Hello everyone.
Today I’d like to share one of my ideas about the Voynich script. Remembering my last experience here with you, I decided to approach it through a calligraphic analysis of the text, using an Excel spreadsheet.
After studying many EVA transcriptions and different interpretations of the Voynich manuscript, especially the work of Stephen Bax, I looked into phonetic studies and the attempts to match glyphs with specific sounds. In my opinion, those correspondences often seem sporadic and subjective. I also explored the idea of Gregorian chants derived from the manuscript.
The Voynich text has a remarkable lexical redundancy. With very few glyphs, a massive text was written, yet many pages almost feel like obsessive repetitions of nearly identical words. It gives the impression of something chant-like, melodic, repetitive — almost like a litany, a prayer, or something similar.
This aspect really caught my attention. How is it possible to generate a fully coherent text with so few letters?
I rule out the hypothesis that it was simply a fake or meaningless text created only for profit.
This is where medieval Gregorian chant comes into play. The Voynich text seems to share several similarities with it. For example, medieval Gregorian notation used four lines in the tetragram and only a few note heights. The notes, often written in square form and called neumes, were used to identify syllables. They could appear in different forms that modified pronunciation.
What interests me most is the number of lines and how, with only a few notes, an entire text could be written.
There are also compound neumes like podatus, clivis, torculus, and porrectus — groups of notes forming a single syllable — as well as simple neumes like punctum and virga, where a single note represents one syllable.
If we compare this idea with the Voynich text, the compound neumes could resemble compound glyphs such as ch, sh, ckh, cfh, cph, or cth.
Example of a neume with square annotations
While studying the Voynich script, what immediately stood out to me was the visual shape of the glyphs themselves. They reminded me of medieval Gregorian notation.
At that point, I started analyzing the glyphs and their heights, arranging them into a kind of scale. Of course, the text is written in cursive, so it isn’t as regular as Gregorian notes, but I tried to estimate the heights and see if this perspective could reveal something interesting.
Please ignore the heights marked with a “+” sign, which I used for compound glyphs with ligatures or connected forms. In Excel I couldn’t make the calculations work correctly with the “+” signs, so I had to leave them out. I suspect those glyphs may represent something additional compared to the others, but for now I don’t want to push the theory too far.
Now I’ll explain exactly what I did.
I took the manuscript and assigned heights to the glyphs: A high, M medium, B low, C short.
This is how I categorized the glyph heights.
I should point out again that the Voynich text is written in cursive. Someone might notice, for example, that in the word “ykal” I classified the glyph “l” as C, even though visually it could seem closer to B. But after checking most instances of that glyph, I noticed that, like the “y” glyph, part of it often extends below the line. In other cases, the “y” glyph appears shorter than expected.

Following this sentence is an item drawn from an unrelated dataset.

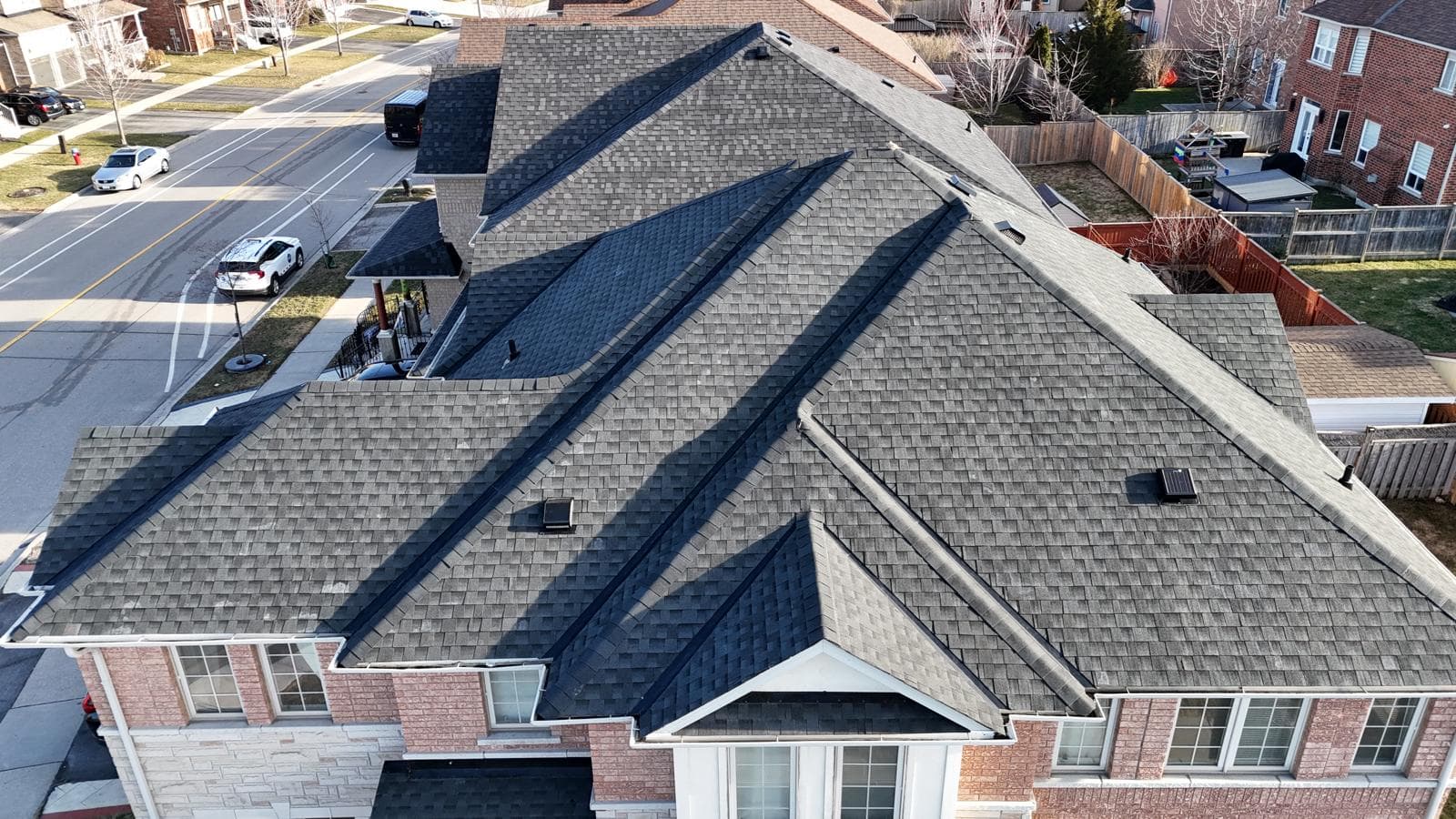 Aerial drone view of a residential roof replacement in Mississauga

Since I obviously cannot manually retranscribe the entire manuscript using these rules, I decided to catalog the glyphs this way and use the full EVA transcription by Takeshi, despite the errors I found in it. That’s another discussion entirely. What matters here are the calculations I’m about to explain. A few errors are acceptable
Method
What I did was import the entire EVA transcription of the manuscript into an Excel file:
You are not allowed to view links. Register or Login to view.
After that, I needed a way to understand whether this method could reveal any interesting patterns in the text. For example, I wanted to measure how frequently glyph heights changed across entire pages, to see whether there was some regularity or complete chaos — in other words, whether the glyph heights had meaning or were simply decorative or random.
Procedure
I took each EVA page and arranged it line by line into columns.

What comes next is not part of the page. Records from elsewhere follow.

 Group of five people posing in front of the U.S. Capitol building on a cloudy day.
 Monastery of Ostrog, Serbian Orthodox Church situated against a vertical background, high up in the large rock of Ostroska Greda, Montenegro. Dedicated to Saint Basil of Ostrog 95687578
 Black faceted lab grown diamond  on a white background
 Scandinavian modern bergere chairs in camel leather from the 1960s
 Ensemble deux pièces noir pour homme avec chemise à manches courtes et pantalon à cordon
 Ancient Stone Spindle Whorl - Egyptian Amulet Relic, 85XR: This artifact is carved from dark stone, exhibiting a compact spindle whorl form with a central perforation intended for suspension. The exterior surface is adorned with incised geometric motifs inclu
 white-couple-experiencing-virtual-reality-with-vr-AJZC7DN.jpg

Then I created a formula that transformed the entire text into the height categories I had chosen, returning each line as a sequence of height letters.
After that, I created additional columns containing the number of A, M, B, and C heights, so I could count how often each height appeared on every line.

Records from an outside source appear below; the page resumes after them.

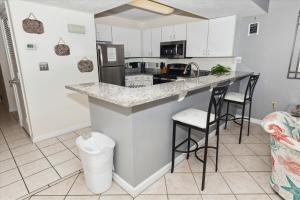 a kitchen with a counter and two bar stools at Pelican Beach 1811 Destin Condo in Destin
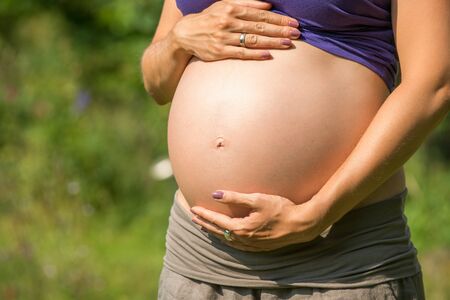 Pregnant woman holding her belly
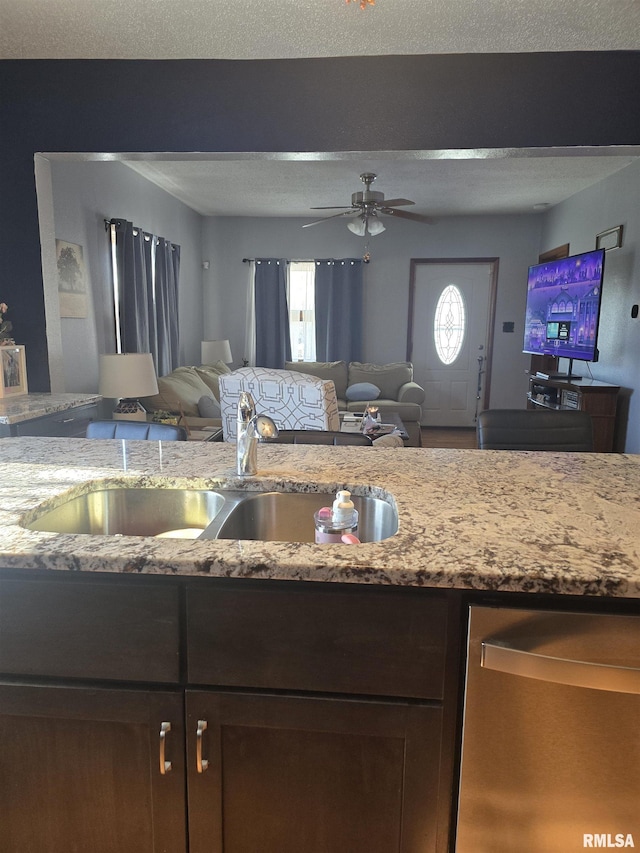 kitchen with light stone counters, sink, a wealth of natural light, and ceiling fan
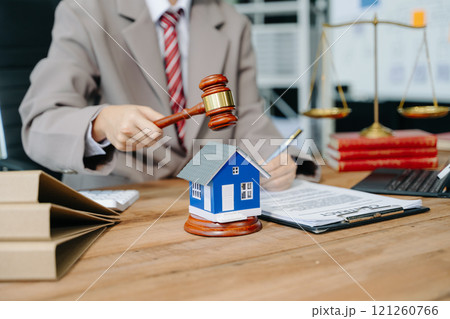 Real Estate Lawyer And House Foreclosure Law. House model, hammer judge gavel on table with white background. Foreclosure, bankruptcy concept 121260766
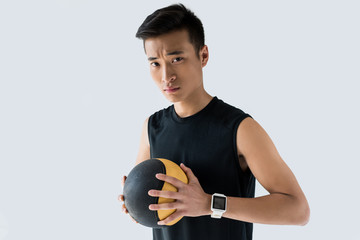 serious asian sportsman with smartwatch holding medicine ball isolated on grey background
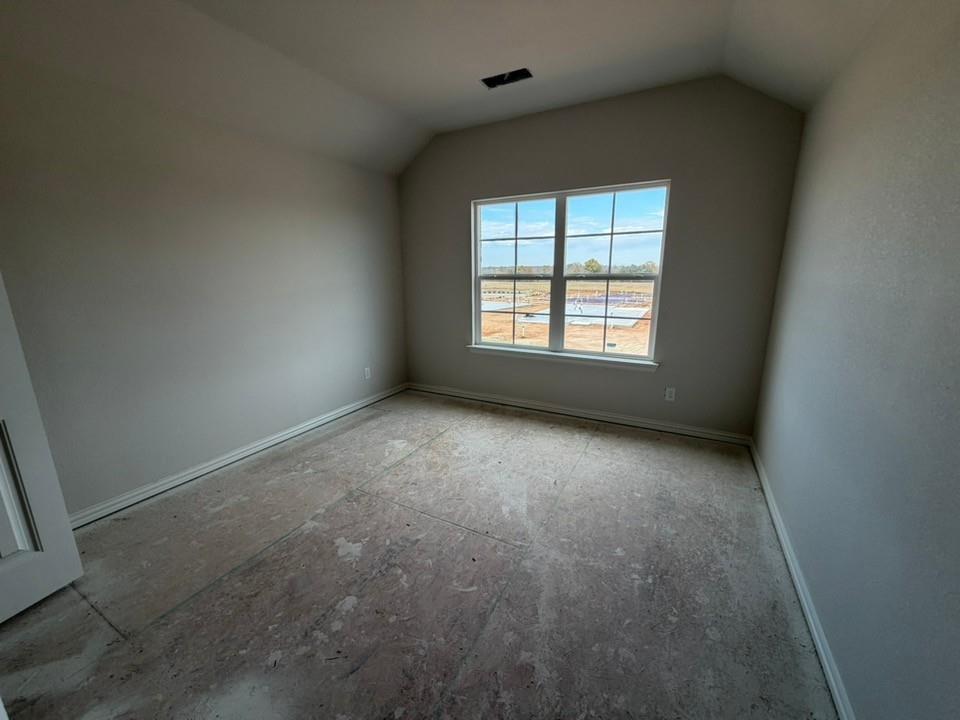 1224 Sabine River Lane Springtown, TX 76082 - Photo 11 of 17 an empty room with a window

I also created another column to calculate the Runs for each line. By “Runs,” I mean the number of transitions from one height to another between consecutive letters.
Then I created another column for the average Runs per page, combining all the extracted data. This was the result I was most interested in: the average Runs.
I also generated columns showing the percentage distribution of each height on every page, to see how much the patterns changed from one page to another.
I even tried to create a column for entropy calculations, but I couldn’t manage to make it work.
The Excel file I generated contains all these results. At the bottom right there are the average Runs for each page. In the center there are the percentages of each height category across the entire page. On the left side, I also made a comparison using a Gregorian chant. I took the notes written on four lines and converted them into my height categories. I wasn’t interested in identifying the actual notes themselves — I simply took them in sequence. As you can see, the distribution is very balanced, and the average Runs are surprisingly close to those found in the Voynich manuscript. It is impossible to get similar results with a natural language text, even with stylized texts that visually resemble Voynich. Those tend to produce much more chaotic and irregular patterns. Going back to the Voynich data: if you look at the average Runs on each page, they are all remarkably similar. The percentages of the different height categories also remain very consistent from page to page.
Conclusion
In my opinion, these results suggest that the glyph heights are not random, and that the encoding method could perhaps be related in some way to medieval Gregorian chant notation — though I can’t say exactly how. Still, these are the patterns I found. I’d love to hear your thoughts.